### Twitter Sentiment Analysis - TFIDF

The previous `iPython notebook` featured analysis involving the `train_full` dataset, which included only the raw tweet. In this rendition however, we seek to improve our predictive power by including an additional dataset into the mix: the use of the *term frequency, inverse document frequency* metric in Natural Language Processing or more simply as `tfidf`.

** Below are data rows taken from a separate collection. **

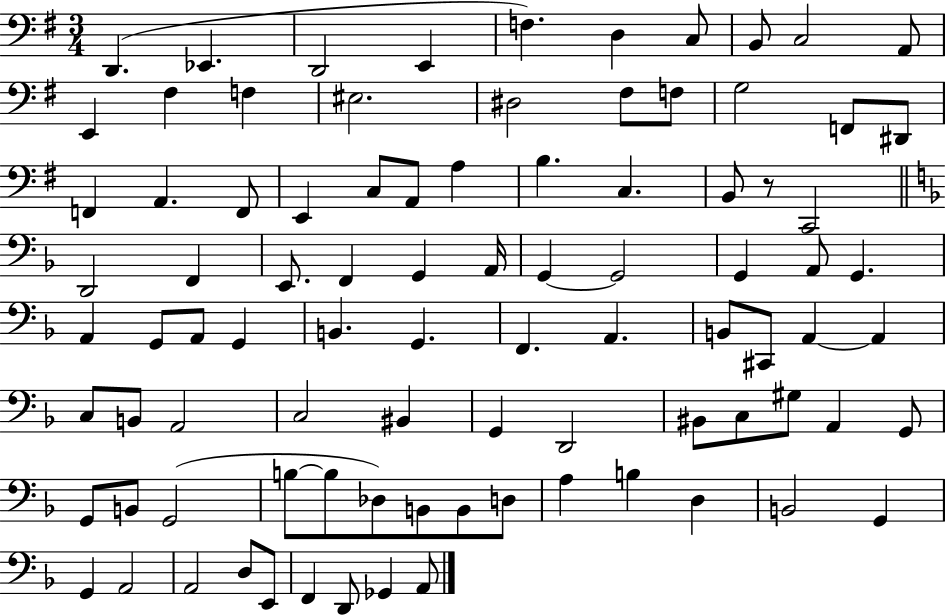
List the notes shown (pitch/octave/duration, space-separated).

D2/q. Eb2/q. D2/h E2/q F3/q. D3/q C3/e B2/e C3/h A2/e E2/q F#3/q F3/q EIS3/h. D#3/h F#3/e F3/e G3/h F2/e D#2/e F2/q A2/q. F2/e E2/q C3/e A2/e A3/q B3/q. C3/q. B2/e R/e C2/h D2/h F2/q E2/e. F2/q G2/q A2/s G2/q G2/h G2/q A2/e G2/q. A2/q G2/e A2/e G2/q B2/q. G2/q. F2/q. A2/q. B2/e C#2/e A2/q A2/q C3/e B2/e A2/h C3/h BIS2/q G2/q D2/h BIS2/e C3/e G#3/e A2/q G2/e G2/e B2/e G2/h B3/e B3/e Db3/e B2/e B2/e D3/e A3/q B3/q D3/q B2/h G2/q G2/q A2/h A2/h D3/e E2/e F2/q D2/e Gb2/q A2/e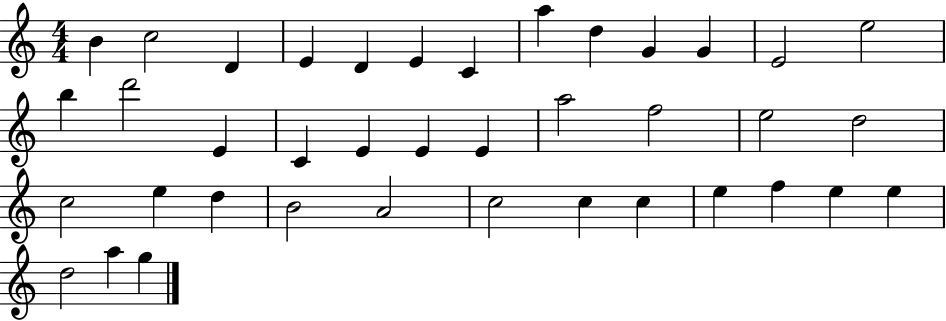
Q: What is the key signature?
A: C major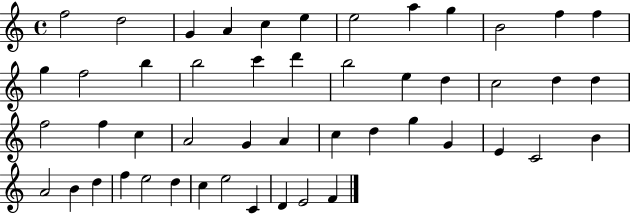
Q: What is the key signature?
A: C major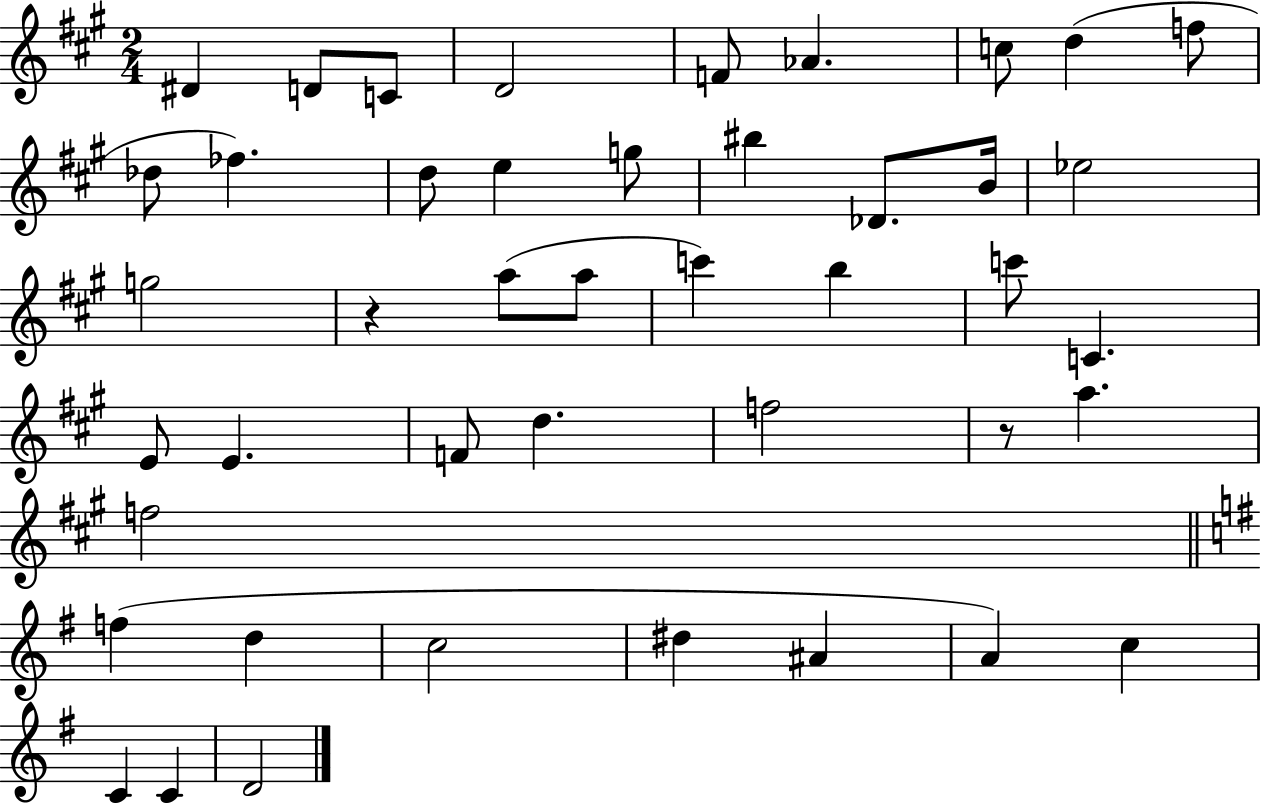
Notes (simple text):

D#4/q D4/e C4/e D4/h F4/e Ab4/q. C5/e D5/q F5/e Db5/e FES5/q. D5/e E5/q G5/e BIS5/q Db4/e. B4/s Eb5/h G5/h R/q A5/e A5/e C6/q B5/q C6/e C4/q. E4/e E4/q. F4/e D5/q. F5/h R/e A5/q. F5/h F5/q D5/q C5/h D#5/q A#4/q A4/q C5/q C4/q C4/q D4/h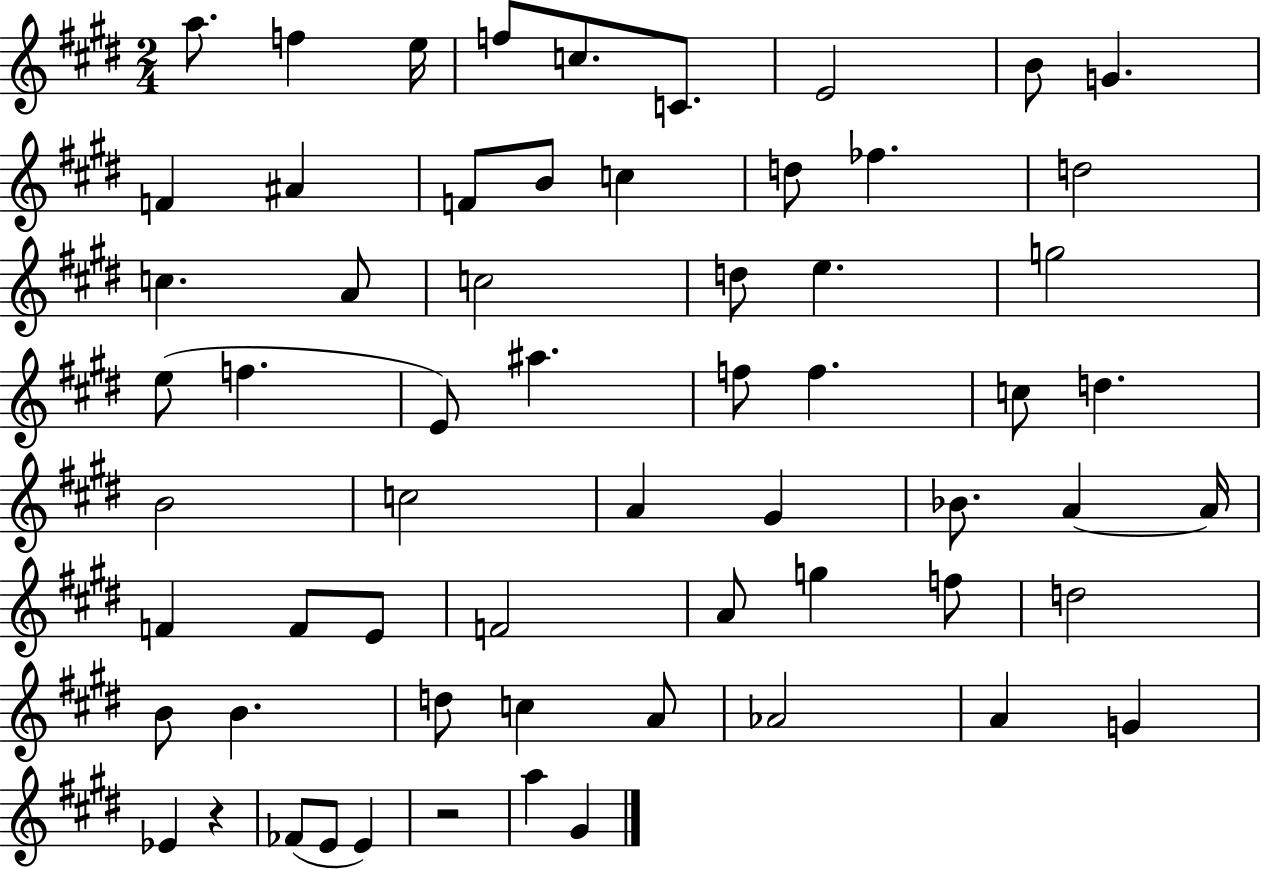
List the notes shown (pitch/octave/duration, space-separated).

A5/e. F5/q E5/s F5/e C5/e. C4/e. E4/h B4/e G4/q. F4/q A#4/q F4/e B4/e C5/q D5/e FES5/q. D5/h C5/q. A4/e C5/h D5/e E5/q. G5/h E5/e F5/q. E4/e A#5/q. F5/e F5/q. C5/e D5/q. B4/h C5/h A4/q G#4/q Bb4/e. A4/q A4/s F4/q F4/e E4/e F4/h A4/e G5/q F5/e D5/h B4/e B4/q. D5/e C5/q A4/e Ab4/h A4/q G4/q Eb4/q R/q FES4/e E4/e E4/q R/h A5/q G#4/q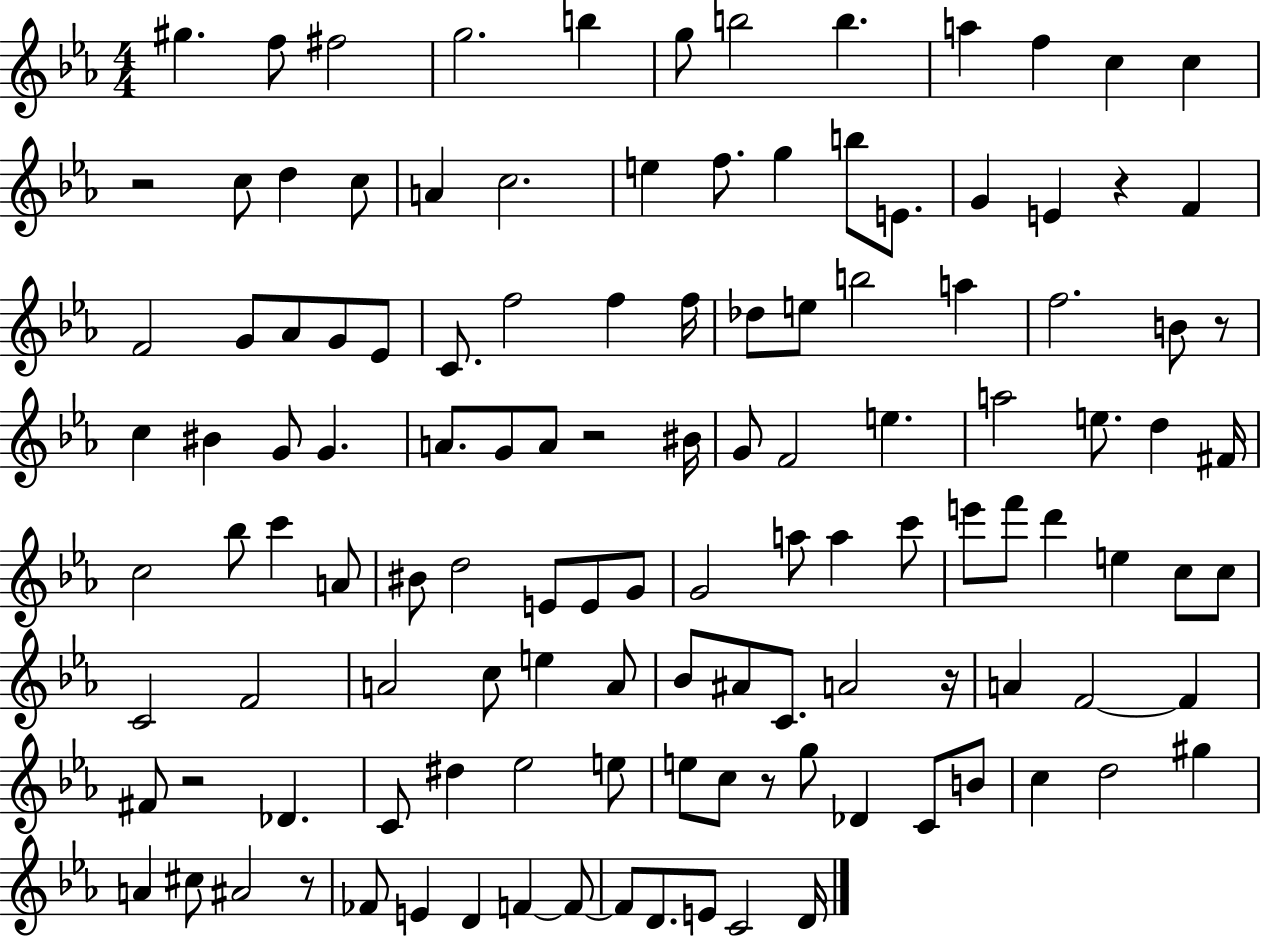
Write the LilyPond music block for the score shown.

{
  \clef treble
  \numericTimeSignature
  \time 4/4
  \key ees \major
  gis''4. f''8 fis''2 | g''2. b''4 | g''8 b''2 b''4. | a''4 f''4 c''4 c''4 | \break r2 c''8 d''4 c''8 | a'4 c''2. | e''4 f''8. g''4 b''8 e'8. | g'4 e'4 r4 f'4 | \break f'2 g'8 aes'8 g'8 ees'8 | c'8. f''2 f''4 f''16 | des''8 e''8 b''2 a''4 | f''2. b'8 r8 | \break c''4 bis'4 g'8 g'4. | a'8. g'8 a'8 r2 bis'16 | g'8 f'2 e''4. | a''2 e''8. d''4 fis'16 | \break c''2 bes''8 c'''4 a'8 | bis'8 d''2 e'8 e'8 g'8 | g'2 a''8 a''4 c'''8 | e'''8 f'''8 d'''4 e''4 c''8 c''8 | \break c'2 f'2 | a'2 c''8 e''4 a'8 | bes'8 ais'8 c'8. a'2 r16 | a'4 f'2~~ f'4 | \break fis'8 r2 des'4. | c'8 dis''4 ees''2 e''8 | e''8 c''8 r8 g''8 des'4 c'8 b'8 | c''4 d''2 gis''4 | \break a'4 cis''8 ais'2 r8 | fes'8 e'4 d'4 f'4~~ f'8~~ | f'8 d'8. e'8 c'2 d'16 | \bar "|."
}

We follow the same conventions for datasets as before:
- {set} refers to either train, dev, or test:


    train: You should use this data when building a model
    dev: You should use this data when evaluating a model
    test: You should submit the outputs on this data to Kaggle; the labels are not given
   
- {type} refers to either full, count, tfidf, glove100:
    
    
    full: This contains the raw text of the corresponding tweets, one tweet per line, in the following format:
          sentiment, tweet_id, tweet (newline)
         
where sentiment is the class label (to be predicted), the tweet_id identifies the tweet, and the Tweet-text the raw tweet

In [55]:
import pandas as pd
import numpy as np

import ast
from typing import List

In [56]:
df_train = pd.read_csv("train_tfidf.csv")
print(f"{df_train.shape[0]} training instances")
df_train.head()

159253 training instances


Unnamed: 0,sentiment,tweet_id,tweet
0,neg,1,"[(3083, 0.4135918197208131), (3245, 0.79102943..."
1,neg,2,"[(679, 0.4192120119709425), (1513, 0.523940563..."
2,neg,3,"[(225, 0.5013098541806313), (1480, 0.441928325..."
3,neg,4,"[(1748, 0.5306751425467238), (1811, 0.34289257..."
4,neg,5,"[(1788, 0.568230353269611), (1789, 0.403924230..."


In [61]:
# df_train[tweet] is currently a string, so we first convert to an array and then a sparse matrix
def string_to_array(tfidf_tweet: str) -> List[tuple]:
    try:
        ast.literal_eval(tweet)
    except ValueError:
        pass


df_train['tweet'].apply(lambda x: string_to_array(x))
df_train.head()

Unnamed: 0,sentiment,tweet_id,tweet
0,neg,1,"[(3083, 0.4135918197208131), (3245, 0.79102943..."
1,neg,2,"[(679, 0.4192120119709425), (1513, 0.523940563..."
2,neg,3,"[(225, 0.5013098541806313), (1480, 0.441928325..."
3,neg,4,"[(1748, 0.5306751425467238), (1811, 0.34289257..."
4,neg,5,"[(1788, 0.568230353269611), (1789, 0.403924230..."


### Feature Engineering:

We can combine this `tfidf` representation of the tweet with features engineered from the raw tweet itself, such as tweet length, number of mentions ect.